===============================================
Running partition jobs on Amazon EC2 Clusters
===============================================

Once the :ref:`distributed processing<gsprocessing_distributed_setup>` is completed,
users can start the partition jobs. This tutorial will provide instructions on how to setup an EC2 cluster and
start GSPartition jobs on it.

Create a GraphStorm Cluster
----------------------------

Setup instances of a cluster
.............................
A cluster contains several instances, each of which runs a GraphStorm Docker container. Before creating a cluster, we recommend to
follow the :ref:`Environment Setup <setup_docker>`. The guide shows how to build GraphStorm Docker images, and use a Docker container registry,
e.g. `AWS ECR <https://docs.aws.amazon.com/ecr/>`_ , to upload the GraphStorm image to an ECR repository, pull it on the instances in the cluster,
and finally start the image as a container.

.. note::

    If you are planning to use **parmetis** algorithm, please prepare your docker image using the following instructions:

    .. code-block:: bash

        git clone https://github.com/awslabs/graphstorm.git

        cd ./graphstorm/docker/

        bash docker/build_graphstorm_image.sh --environment local --use-parmetis

See ``bash docker/build_graphstorm_image.sh --help`` for more build options.

Setup a shared file system for the cluster
...........................................
A cluster requires a shared file system, such as NFS or `EFS <https://docs.aws.amazon.com/efs/>`_, mounted to each instance in the cluster, in which all GraphStorm containers can share data files, save model artifacts and prediction results.
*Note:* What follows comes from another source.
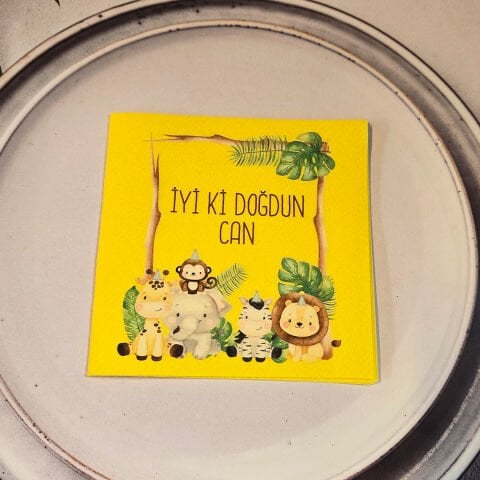 Safari Konsept Dokulu Sarı İsme Özel Kare Peçete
`Here <https://github.com/dmlc/dgl/tree/master/examples/pytorch/graphsage/dist#step-0-setup-a-distributed-file-system>`_ is the instruction of setting up an NFS for a cluster. As the steps of setting an NFS could be various on different systems, we suggest users to look for additional information about NFS setting. Here are some available resources: `NFS tutorial <https://www.digitalocean.com/community/tutorials/how-to-set-up-an-nfs-mount-on-ubuntu-22-04>`_ by DigitalOcean, `NFS document <https://ubuntu.com/server/docs/service-nfs>`_ for Ubuntu.

For an AWS EC2 cluster, users can also use EFS as the shared file system. Please follow 1) `the instruction of creating EFS <https://docs.aws.amazon.com/efs/latest/ug/gs-step-two-create-efs-resources.html>`_; 2) `the instruction of installing an EFS client <https://docs.aws.amazon.com/efs/latest/ug/installing-amazon-efs-utils.html>`_; and 3) `the instructions of mounting the EFS filesystem <https://docs.aws.amazon.com/efs/latest/ug/efs-mount-helper.html>`_ to set up EFS.

After setting up a shared file system, we can keep all graph data in a shared folder. Then mount the data folder to the ``/path_to_data/`` of each instances in the cluster so that all GraphStorm containers can access the data.

Run a GraphStorm container
...........................
In each instance, use the following command to start a GraphStorm Docker container and run it as a backend daemon on cpu.

.. code-block:: shell

    docker run -v /path_to_data/:/data \
                      -v /dev/shm:/dev/shm \
                      --network=host \
                      -d --name test graphstorm:local-cpu service ssh restart

This command mounts the shared ``/path_to_data/`` folder to a container's ``/data/`` folder by which GraphStorm codes can access graph data and save the partition result.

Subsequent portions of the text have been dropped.